In the data below, set down exactly the lines from the one containing "Rectangle Medicine Cabinet" up to and including the one containing "Papel De Presente". Leave the pictures out.

Material supplied:
# # # #

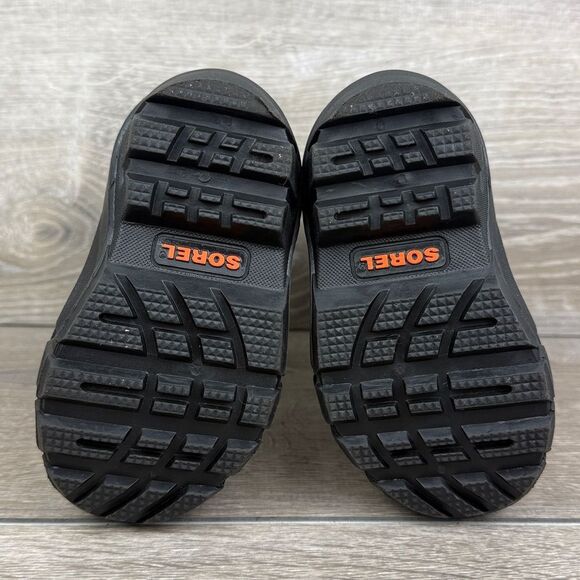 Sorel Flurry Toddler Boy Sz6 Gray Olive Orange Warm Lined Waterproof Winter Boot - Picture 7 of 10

# # # #

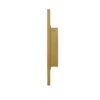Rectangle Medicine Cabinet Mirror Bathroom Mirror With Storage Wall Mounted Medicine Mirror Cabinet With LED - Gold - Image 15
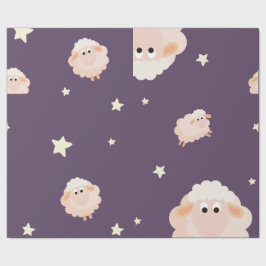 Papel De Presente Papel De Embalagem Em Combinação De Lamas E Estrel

# # # #

Task answer:
Rectangle Medicine Cabinet Mirror Bathroom Mirror With Storage Wall Mounted Medicine Mirror Cabinet With LED - Gold - Image 15
 Papel De Presente Papel De Embalagem Em Combinação De Lamas E Estrel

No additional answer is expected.